# Problem to solve
Would you transcribe the whole listing exactly and drop its images?

# Information supplied
::::::::

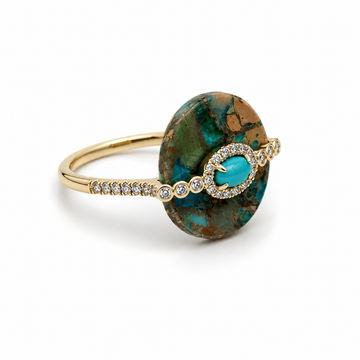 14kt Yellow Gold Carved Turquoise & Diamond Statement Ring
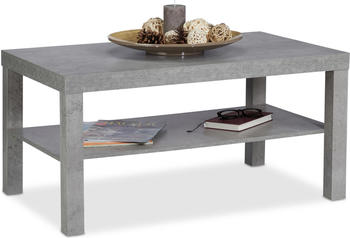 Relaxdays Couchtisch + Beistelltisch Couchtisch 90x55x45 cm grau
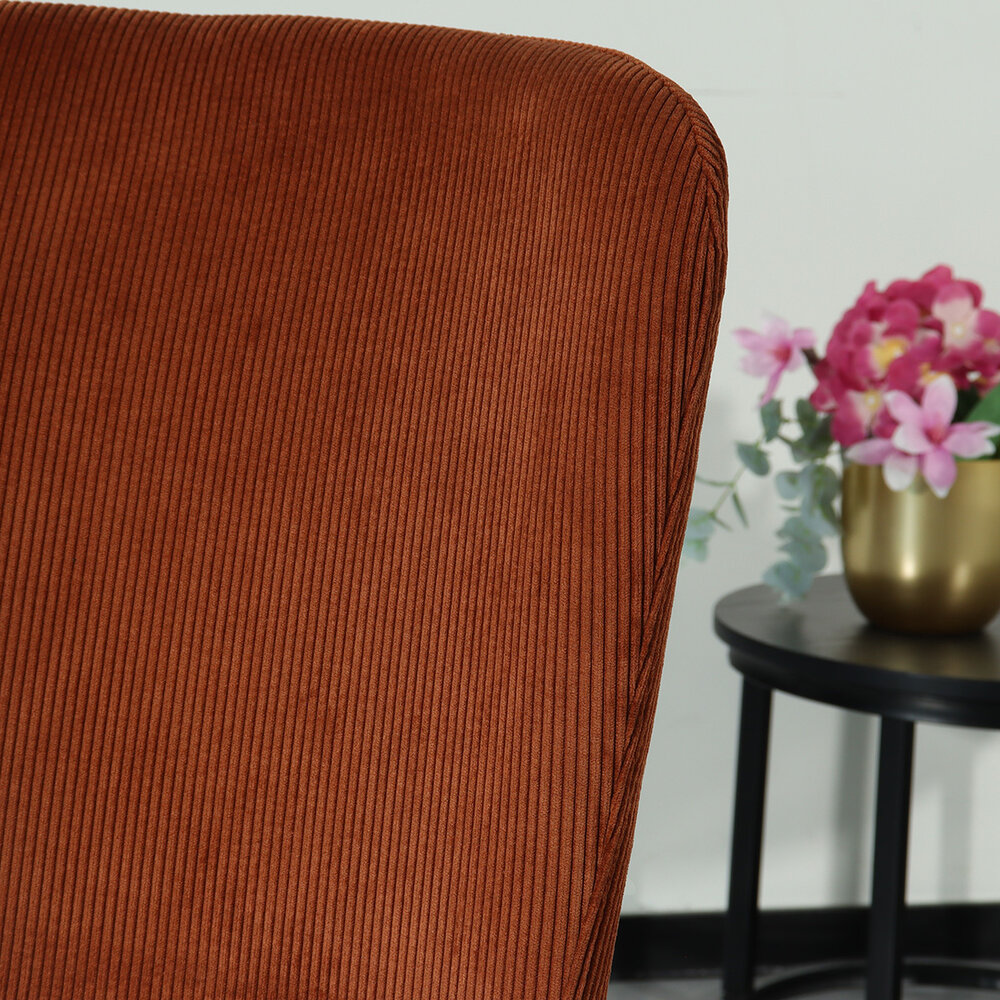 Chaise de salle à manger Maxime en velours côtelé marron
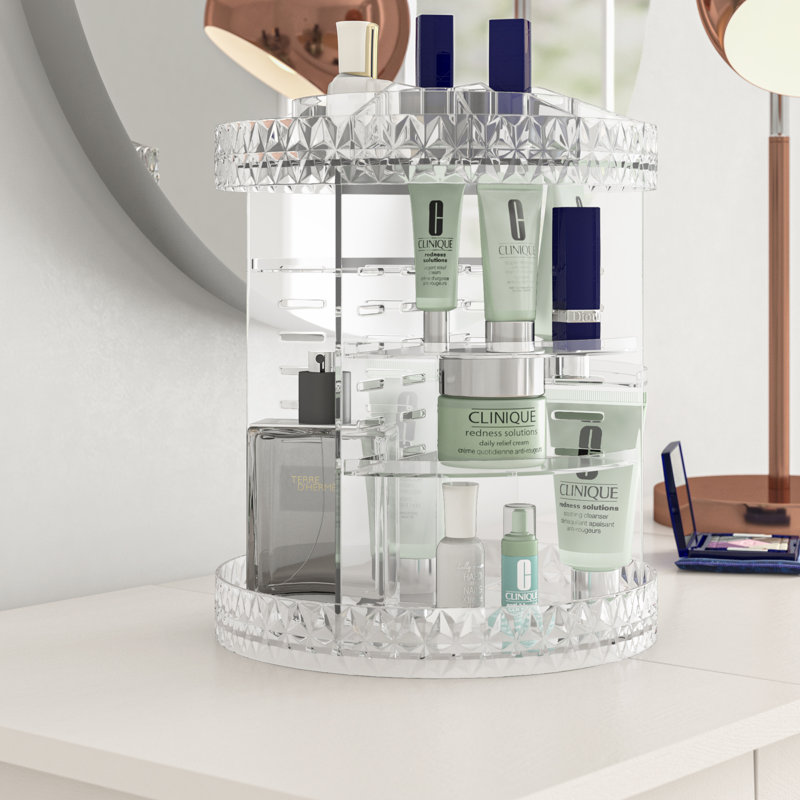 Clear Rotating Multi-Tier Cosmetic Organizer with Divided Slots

::::::::

# Response to the task
 14kt Yellow Gold Carved Turquoise & Diamond Statement Ring
 Relaxdays Couchtisch + Beistelltisch Couchtisch 90x55x45 cm grau
 Chaise de salle à manger Maxime en velours côtelé marron
 Clear Rotating Multi-Tier Cosmetic Organizer with Divided Slots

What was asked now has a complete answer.